Task requirements: Everything from the line that contains "Объекты По определению" to the final line of the data, both ends included, must be set down exactly, apart from the pictures.

Dataset extract:
BEGIN

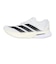 アディダス（adidas）ランニングシューズ トレーニングシューズ 部活 アディゼロ ボストン 13 M ホワイト ブラック ONE38-JS4939 スポー…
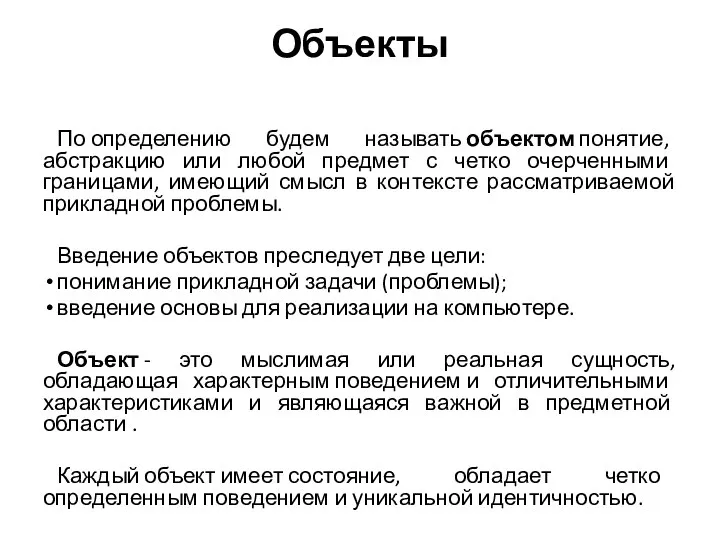 Объекты По определению будем называть объектом понятие, абстракцию или любой предмет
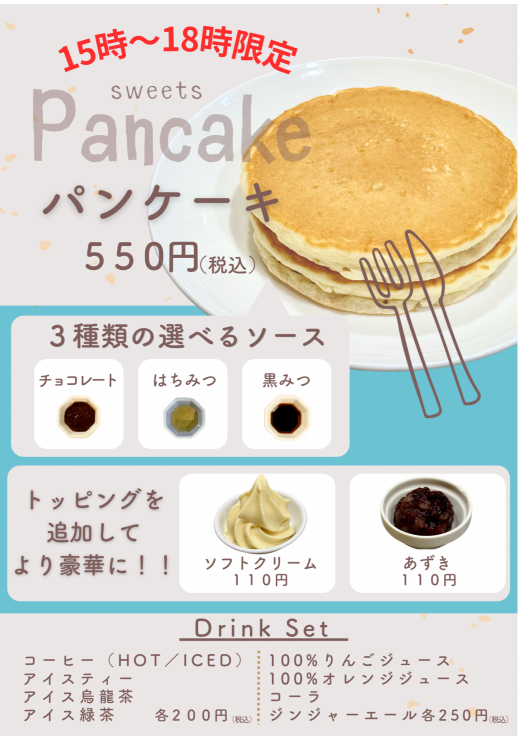 15時～18時限定！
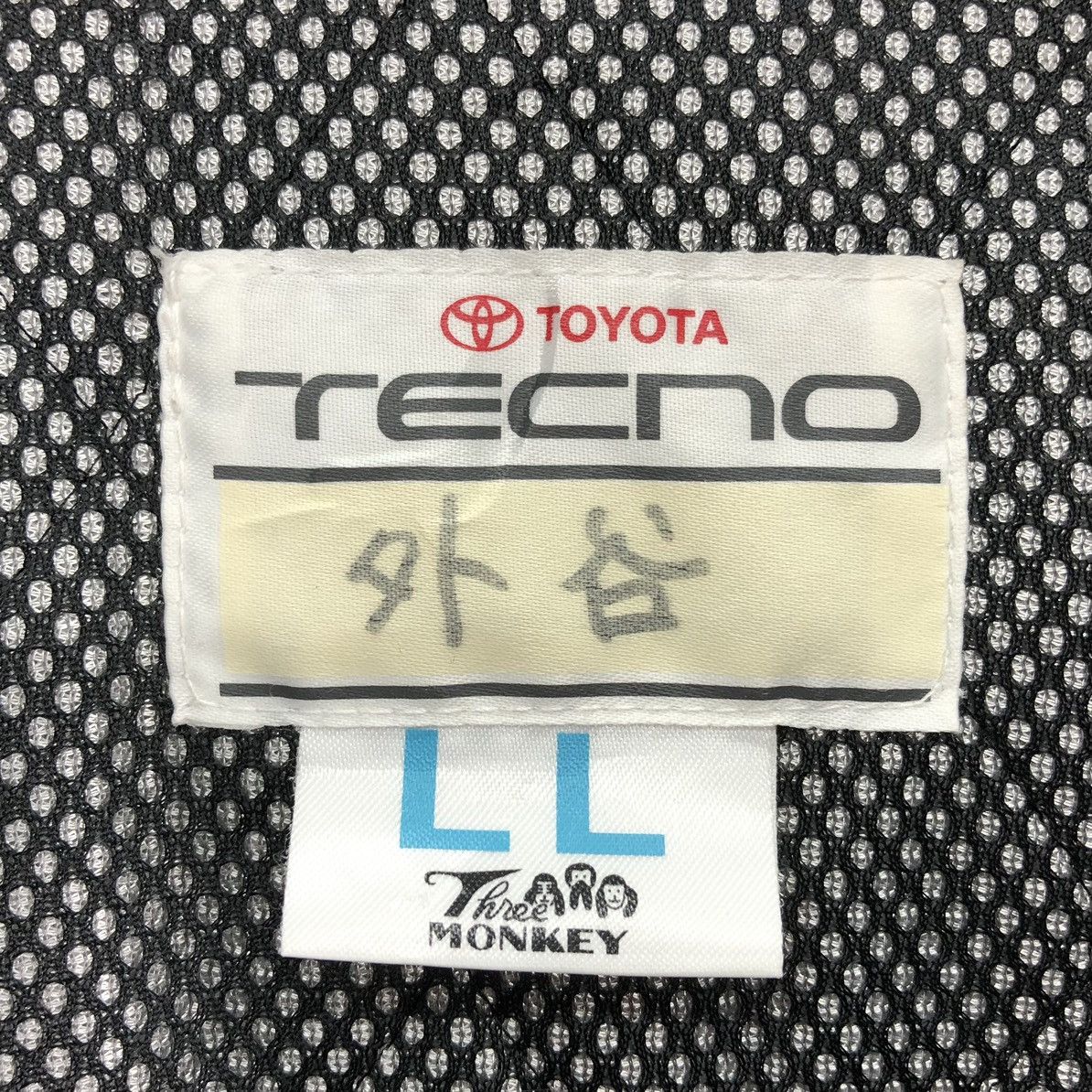 Uniform Wares Vintage 90's Toyota Zipper Jacket Japan Worker Manufacturer Size US XXL / EU 58 / 5 - 12 Thumbnail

END

Reply:
 Объекты По определению будем называть объектом понятие, абстракцию или любой предмет
 15時～18時限定！
 Uniform Wares Vintage 90's Toyota Zipper Jacket Japan Worker Manufacturer Size US XXL / EU 58 / 5 - 12 Thumbnail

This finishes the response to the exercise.